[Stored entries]
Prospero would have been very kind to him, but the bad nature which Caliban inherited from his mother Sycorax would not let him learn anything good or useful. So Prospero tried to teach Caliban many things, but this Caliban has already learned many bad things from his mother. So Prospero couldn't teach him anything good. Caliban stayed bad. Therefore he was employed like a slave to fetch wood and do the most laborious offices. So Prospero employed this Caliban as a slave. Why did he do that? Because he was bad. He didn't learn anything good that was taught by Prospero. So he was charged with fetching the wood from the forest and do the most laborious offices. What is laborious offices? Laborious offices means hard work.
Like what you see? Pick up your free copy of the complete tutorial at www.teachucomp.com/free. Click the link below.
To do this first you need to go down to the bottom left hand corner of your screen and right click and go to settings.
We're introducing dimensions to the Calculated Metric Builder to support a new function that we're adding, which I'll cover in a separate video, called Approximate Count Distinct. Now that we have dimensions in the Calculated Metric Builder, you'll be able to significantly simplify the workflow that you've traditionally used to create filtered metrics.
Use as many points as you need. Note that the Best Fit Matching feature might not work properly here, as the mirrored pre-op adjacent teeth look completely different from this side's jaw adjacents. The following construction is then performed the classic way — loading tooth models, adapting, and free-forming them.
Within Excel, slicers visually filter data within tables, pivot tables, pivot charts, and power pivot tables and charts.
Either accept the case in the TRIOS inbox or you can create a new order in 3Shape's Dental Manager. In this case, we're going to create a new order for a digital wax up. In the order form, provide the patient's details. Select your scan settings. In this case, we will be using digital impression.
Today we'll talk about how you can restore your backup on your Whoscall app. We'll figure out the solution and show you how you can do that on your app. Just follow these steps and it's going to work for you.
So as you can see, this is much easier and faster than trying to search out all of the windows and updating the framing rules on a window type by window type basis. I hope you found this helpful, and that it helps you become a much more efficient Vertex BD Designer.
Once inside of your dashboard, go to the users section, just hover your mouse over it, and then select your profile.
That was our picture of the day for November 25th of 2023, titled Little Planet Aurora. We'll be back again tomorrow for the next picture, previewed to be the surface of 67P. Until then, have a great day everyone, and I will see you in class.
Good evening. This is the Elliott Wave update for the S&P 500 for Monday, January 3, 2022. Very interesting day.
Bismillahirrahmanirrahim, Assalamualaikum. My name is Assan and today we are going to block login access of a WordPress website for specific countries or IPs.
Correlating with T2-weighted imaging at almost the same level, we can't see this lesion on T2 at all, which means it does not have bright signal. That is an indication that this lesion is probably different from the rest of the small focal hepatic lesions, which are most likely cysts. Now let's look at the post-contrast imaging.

### [EXERCISE BRIEF]
Transcribe every entry word for word.

### [SOLVED PROBLEM]
Prospero would have been very kind to him, but the bad nature which Caliban inherited from his mother Sycorax would not let him learn anything good or useful. So Prospero tried to teach Caliban many things, but this Caliban has already learned many bad things from his mother. So Prospero couldn't teach him anything good. Caliban stayed bad. Therefore he was employed like a slave to fetch wood and do the most laborious offices. So Prospero employed this Caliban as a slave. Why did he do that? Because he was bad. He didn't learn anything good that was taught by Prospero. So he was charged with fetching the wood from the forest and do the most laborious offices. What is laborious offices? Laborious offices means hard work.
Like what you see? Pick up your free copy of the complete tutorial at www.teachucomp.com/free. Click the link below.
To do this first you need to go down to the bottom left hand corner of your screen and right click and go to settings.
We're introducing dimensions to the Calculated Metric Builder to support a new function that we're adding, which I'll cover in a separate video, called Approximate Count Distinct. Now that we have dimensions in the Calculated Metric Builder, you'll be able to significantly simplify the workflow that you've traditionally used to create filtered metrics.
Use as many points as you need. Note that the Best Fit Matching feature might not work properly here, as the mirrored pre-op adjacent teeth look completely different from this side's jaw adjacents. The following construction is then performed the classic way — loading tooth models, adapting, and free-forming them.
Within Excel, slicers visually filter data within tables, pivot tables, pivot charts, and power pivot tables and charts.
Either accept the case in the TRIOS inbox or you can create a new order in 3Shape's Dental Manager. In this case, we're going to create a new order for a digital wax up. In the order form, provide the patient's details. Select your scan settings. In this case, we will be using digital impression.
Today we'll talk about how you can restore your backup on your Whoscall app. We'll figure out the solution and show you how you can do that on your app. Just follow these steps and it's going to work for you.
So as you can see, this is much easier and faster than trying to search out all of the windows and updating the framing rules on a window type by window type basis. I hope you found this helpful, and that it helps you become a much more efficient Vertex BD Designer.
Once inside of your dashboard, go to the users section, just hover your mouse over it, and then select your profile.
That was our picture of the day for November 25th of 2023, titled Little Planet Aurora. We'll be back again tomorrow for the next picture, previewed to be the surface of 67P. Until then, have a great day everyone, and I will see you in class.
Good evening. This is the Elliott Wave update for the S&P 500 for Monday, January 3, 2022. Very interesting day.
Bismillahirrahmanirrahim, Assalamualaikum. My name is Assan and today we are going to block login access of a WordPress website for specific countries or IPs.
Correlating with T2-weighted imaging at almost the same level, we can't see this lesion on T2 at all, which means it does not have bright signal. That is an indication that this lesion is probably different from the rest of the small focal hepatic lesions, which are most likely cysts. Now let's look at the post-contrast imaging.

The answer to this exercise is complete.